То есть оказывается, что “умом не понять” не только Россию.
В первой
же статье своей “Азбуки” (которая называется “А все-таки…”) Милош пишет: “Всю жизнь мы создаем свои мифологии, но те,
что сохранились с раннего детства, запечатлеваются в нас сильнее всего. Чем
дальше меня заносило (а Калифорния, надо полагать, достаточно далеко), тем
больше я искал связующую нить с прежним собой, с мальчиком из Шетейнь и Вильно. <…> Возвращение спустя полвека в мои
родные места и в Вильно замкнуло круг”. Действительно, теме Вильно (Вильнюса) в
книге уделено очень много внимания, причем помимо эмоционально-ностальгических
мотивов особое место занимают здесь культурологические размышления о городе, в
котором сошлись три культуры: польская, литовская и еврейская. Отношения между
ними не всегда были простыми — особенно в предвоенное время (когда бывшее
польской окраиной Вильно стало литовской столицей Вильнюсом) и, конечно же, в
годы Второй мировой с ее ужасами Холокоста. Однако Милош
все-таки делает акцент на позитивном аспекте межкультурных отношений, на том,
что именно в пространстве культуры рождается плодотворное творческое
взаимодействие и происходит взаимное обогащение; в то время как в пространстве
политики верх берут тенденции скорее конфронтационные, направленные на
разобщение и вражду.
Вслед
за книгой Милоша в том же издательстве Ивана Лимбаха вышел сборник публицистики литовского поэта и
филолога Томаса Венцловы
“Пограничье” (пер. с литовского, польского и английского. — Санкт-Петербург,
2015. — 640 с.).

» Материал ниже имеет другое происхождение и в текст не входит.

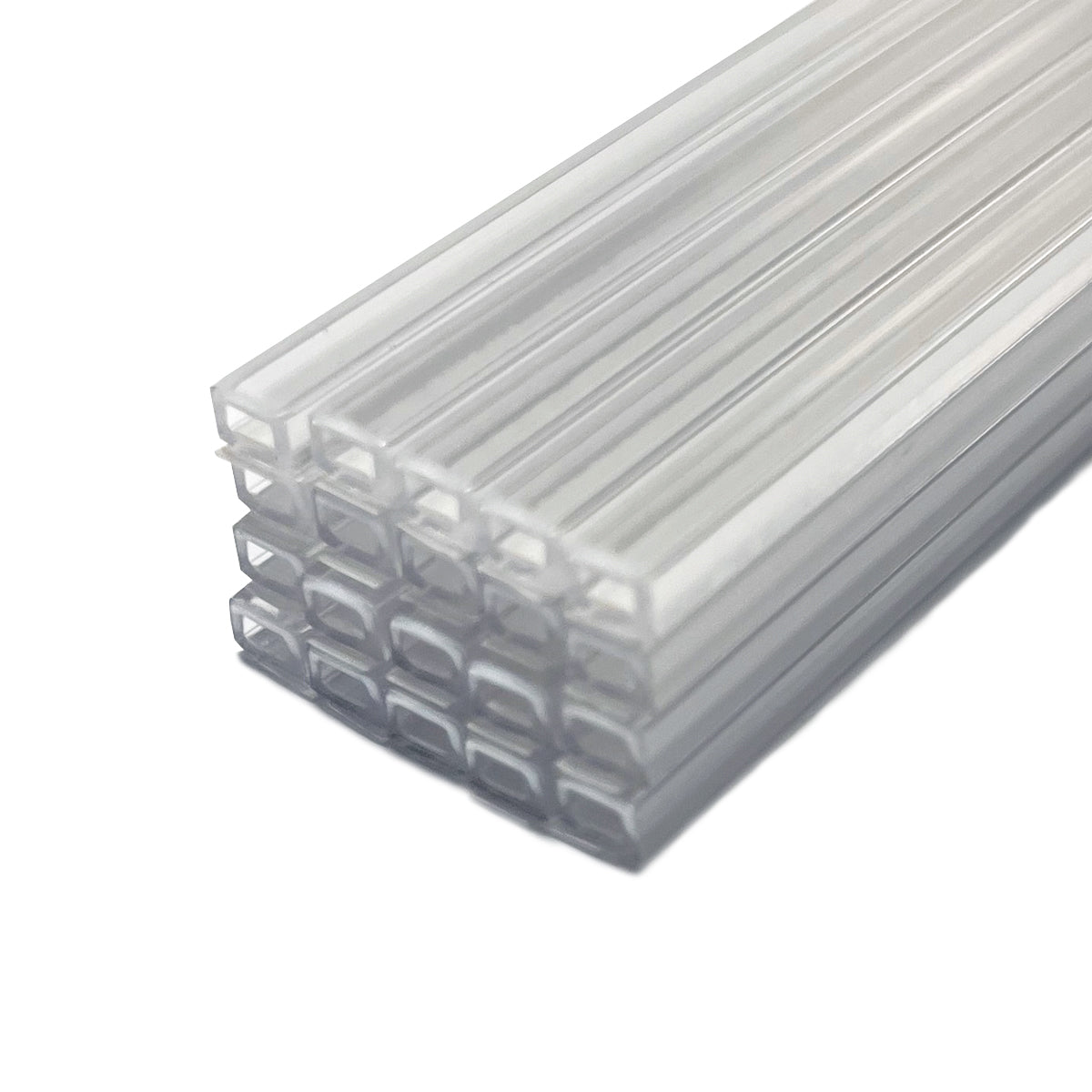 Framer Supply Archival Glass & Art Spacer – Clear 1/8", 100 Ft Hollow Bundle (20 x 5' Sticks), pH Neutral Peel-and-Stick Frame Spacer for Archival Framing & Artwork Protection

Венцлова — младший
современник Милоша, и их судьбы чем-то перекликаются
(оба вынужденно покинули польско-литовскую родину в эпоху “железного занавеса”
и оба смогли вернуться — оставшись “гражданами мира” — после его падения).
“Глобальный опыт — сплошное пограничье, — пишет Венцлова.
— Жизнь на этом пограничье заставляет постоянно пересекать рубежи, не покладая
рук работать с изоляцией. <…> Мы знаем, что пограничные ситуации могут
быть плодотворными, но в них же могут возникать и споры, и даже непримиримая
ненависть, и стремление укреплять старые стены и возводить новые. <…>
Но этому можно противостоять”. Особое внимание стоит обратить на опубликованную
в сборнике переписку (70-х годов) Венцловы с Милошем под показательным названием “Вильнюс как форма
духовной жизни”; а соседствующая с ней статья Венцловы
называется “Чеслав Милош:
отчаяние и благодать”.
Сборник
“Пограничье” скомпонован не по хронологическому принципу (тексты 70-х
соседствуют с текстами уже нынешнего века), а по некоему
тематически-ассоциативному — то есть здесь присутствует попытка выстроить
последовательную содержательную структуру. А вот в “Азбуке” порядок статей
складывается случайно, в соответствии с произволом алфавита (по причине чего русский
перевод книги Милоша имеет совершенно другую
структуру, нежели польский оригинал). Что ж, и в этом (казалось бы, сугубо
формальном) отношении две эти книги прекрасно друг друга дополняют.